Gli ex Nar Fioravanti e Mambro, per la strage, furono condannati in via definitiva all’ergastolo mentre nel 2007 è stato condannato Ciavardini a 30 anni. In primavera si aprirà un altro processo contro Gilberto Cavallini, 65 anni, ergastolano in semi-libertà, anch’egli ex Nar, accusato di aver dato supporto logistico agli autori dell’eccidio alla stazione.

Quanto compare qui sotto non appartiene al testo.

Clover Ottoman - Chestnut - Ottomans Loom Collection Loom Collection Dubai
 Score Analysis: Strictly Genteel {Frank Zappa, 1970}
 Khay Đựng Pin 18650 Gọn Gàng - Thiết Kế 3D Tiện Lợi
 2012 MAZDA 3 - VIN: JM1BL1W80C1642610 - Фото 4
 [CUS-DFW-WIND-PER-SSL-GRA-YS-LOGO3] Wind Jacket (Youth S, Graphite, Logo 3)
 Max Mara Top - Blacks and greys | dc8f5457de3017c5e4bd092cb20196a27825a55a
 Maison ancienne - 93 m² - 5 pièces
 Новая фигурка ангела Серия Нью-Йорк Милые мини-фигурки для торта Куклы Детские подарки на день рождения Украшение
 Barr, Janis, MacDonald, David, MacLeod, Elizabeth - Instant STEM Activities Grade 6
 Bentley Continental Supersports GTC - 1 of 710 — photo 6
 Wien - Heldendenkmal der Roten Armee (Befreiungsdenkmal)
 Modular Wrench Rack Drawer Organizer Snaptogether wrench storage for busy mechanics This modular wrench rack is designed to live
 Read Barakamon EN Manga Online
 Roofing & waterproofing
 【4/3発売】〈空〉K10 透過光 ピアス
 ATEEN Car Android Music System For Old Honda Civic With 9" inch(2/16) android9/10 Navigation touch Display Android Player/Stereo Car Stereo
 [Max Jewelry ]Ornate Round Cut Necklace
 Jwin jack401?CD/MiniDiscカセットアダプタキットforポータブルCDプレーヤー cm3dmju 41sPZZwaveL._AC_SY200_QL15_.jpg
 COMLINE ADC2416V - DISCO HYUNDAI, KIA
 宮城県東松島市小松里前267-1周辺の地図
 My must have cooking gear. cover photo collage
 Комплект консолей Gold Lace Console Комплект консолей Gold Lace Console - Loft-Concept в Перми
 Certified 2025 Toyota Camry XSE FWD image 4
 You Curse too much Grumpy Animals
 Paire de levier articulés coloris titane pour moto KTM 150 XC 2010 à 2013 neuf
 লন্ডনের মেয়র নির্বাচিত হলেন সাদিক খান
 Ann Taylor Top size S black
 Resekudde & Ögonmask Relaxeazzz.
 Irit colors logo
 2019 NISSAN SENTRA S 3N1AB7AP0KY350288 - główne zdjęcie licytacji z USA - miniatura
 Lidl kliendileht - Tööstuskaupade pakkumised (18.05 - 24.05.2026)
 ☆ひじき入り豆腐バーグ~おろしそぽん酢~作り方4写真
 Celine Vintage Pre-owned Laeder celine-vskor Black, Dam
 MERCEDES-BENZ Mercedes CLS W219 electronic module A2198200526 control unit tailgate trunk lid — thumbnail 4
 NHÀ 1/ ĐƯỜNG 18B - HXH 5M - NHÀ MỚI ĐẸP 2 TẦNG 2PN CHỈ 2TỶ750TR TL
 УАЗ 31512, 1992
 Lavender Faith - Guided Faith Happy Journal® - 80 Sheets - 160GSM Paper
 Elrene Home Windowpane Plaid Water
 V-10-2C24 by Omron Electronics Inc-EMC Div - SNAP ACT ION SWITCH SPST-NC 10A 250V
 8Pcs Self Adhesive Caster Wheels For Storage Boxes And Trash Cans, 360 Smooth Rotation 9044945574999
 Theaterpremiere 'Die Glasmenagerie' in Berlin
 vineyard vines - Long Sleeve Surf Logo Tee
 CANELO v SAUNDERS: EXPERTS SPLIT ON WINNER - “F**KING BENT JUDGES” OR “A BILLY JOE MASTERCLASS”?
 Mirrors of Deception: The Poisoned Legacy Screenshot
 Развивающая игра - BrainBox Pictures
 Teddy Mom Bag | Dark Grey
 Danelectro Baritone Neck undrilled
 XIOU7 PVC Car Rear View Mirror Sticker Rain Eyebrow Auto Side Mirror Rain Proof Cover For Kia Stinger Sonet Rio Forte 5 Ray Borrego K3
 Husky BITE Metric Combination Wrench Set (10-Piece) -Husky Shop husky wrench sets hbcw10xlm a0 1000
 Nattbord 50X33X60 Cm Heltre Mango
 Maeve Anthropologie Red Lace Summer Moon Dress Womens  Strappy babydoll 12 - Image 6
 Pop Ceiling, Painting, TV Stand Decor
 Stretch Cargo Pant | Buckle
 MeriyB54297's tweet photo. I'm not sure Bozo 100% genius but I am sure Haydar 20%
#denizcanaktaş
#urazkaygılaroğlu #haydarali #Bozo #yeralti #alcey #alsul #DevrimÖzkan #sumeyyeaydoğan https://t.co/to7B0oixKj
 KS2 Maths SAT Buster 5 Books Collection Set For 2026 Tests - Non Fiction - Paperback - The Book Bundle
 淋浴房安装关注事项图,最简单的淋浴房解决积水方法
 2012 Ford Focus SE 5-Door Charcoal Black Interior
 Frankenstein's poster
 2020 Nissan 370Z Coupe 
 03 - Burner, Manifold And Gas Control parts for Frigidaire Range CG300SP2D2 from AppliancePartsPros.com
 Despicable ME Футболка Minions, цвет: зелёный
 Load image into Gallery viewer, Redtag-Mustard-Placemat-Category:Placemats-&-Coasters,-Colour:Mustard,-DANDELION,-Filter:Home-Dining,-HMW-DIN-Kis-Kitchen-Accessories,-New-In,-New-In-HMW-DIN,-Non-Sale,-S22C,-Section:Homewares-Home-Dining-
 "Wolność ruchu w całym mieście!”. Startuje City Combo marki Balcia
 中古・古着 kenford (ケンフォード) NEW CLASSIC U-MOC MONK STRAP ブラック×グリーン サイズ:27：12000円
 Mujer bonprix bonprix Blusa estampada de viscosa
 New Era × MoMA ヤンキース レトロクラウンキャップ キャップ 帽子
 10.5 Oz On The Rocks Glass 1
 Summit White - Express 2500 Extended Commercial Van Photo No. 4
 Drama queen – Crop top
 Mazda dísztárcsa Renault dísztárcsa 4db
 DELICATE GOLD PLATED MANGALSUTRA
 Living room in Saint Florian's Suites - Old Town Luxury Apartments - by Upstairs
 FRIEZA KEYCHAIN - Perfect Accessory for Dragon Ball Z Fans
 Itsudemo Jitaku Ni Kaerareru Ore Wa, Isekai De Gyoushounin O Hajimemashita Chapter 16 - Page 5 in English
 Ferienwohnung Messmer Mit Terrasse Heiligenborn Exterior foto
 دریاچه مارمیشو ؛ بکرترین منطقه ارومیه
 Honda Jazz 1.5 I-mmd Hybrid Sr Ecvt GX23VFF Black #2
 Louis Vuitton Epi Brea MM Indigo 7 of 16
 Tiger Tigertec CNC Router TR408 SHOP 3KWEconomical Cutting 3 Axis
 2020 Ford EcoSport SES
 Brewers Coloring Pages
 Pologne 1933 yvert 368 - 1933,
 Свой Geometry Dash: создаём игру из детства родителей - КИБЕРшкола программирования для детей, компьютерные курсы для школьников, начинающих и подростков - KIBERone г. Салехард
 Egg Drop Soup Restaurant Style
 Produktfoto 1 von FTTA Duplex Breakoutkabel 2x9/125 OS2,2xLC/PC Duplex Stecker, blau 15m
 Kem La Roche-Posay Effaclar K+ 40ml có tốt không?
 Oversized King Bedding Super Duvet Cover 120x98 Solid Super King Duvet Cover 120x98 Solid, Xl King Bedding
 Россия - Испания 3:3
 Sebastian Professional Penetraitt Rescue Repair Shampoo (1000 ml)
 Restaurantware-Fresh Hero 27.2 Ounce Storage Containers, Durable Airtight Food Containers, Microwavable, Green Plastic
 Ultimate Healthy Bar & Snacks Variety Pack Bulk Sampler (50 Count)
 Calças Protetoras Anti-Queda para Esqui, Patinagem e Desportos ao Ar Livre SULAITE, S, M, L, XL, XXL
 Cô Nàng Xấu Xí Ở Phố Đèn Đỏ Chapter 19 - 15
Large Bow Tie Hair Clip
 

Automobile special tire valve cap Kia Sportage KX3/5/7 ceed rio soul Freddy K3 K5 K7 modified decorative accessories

Ma furono solo loro ad agire?
Certo è che Licio Gelli negli anni Novanta, seppur assolto da varie altre accuse, fu condannato per calunnia aggravata dalle finalità di depistaggio insieme al faccendiere legato al Sismi e alla massoneria Francesco Pazienza, al generale piduista del Sismi Pietro Musumeci che era membro della P2 e al colonnello Pietro Belmonte, scomparso nel 1988, che non apparteneva alla P2 ma figura in un rapporto sulle logge bolognesi.
Oggi la Procura generale, sulla base di elementi ancora coperti da segreto, rilancia nella speranza che la rogatoria in Svizzera dia qualche nuovo risultato.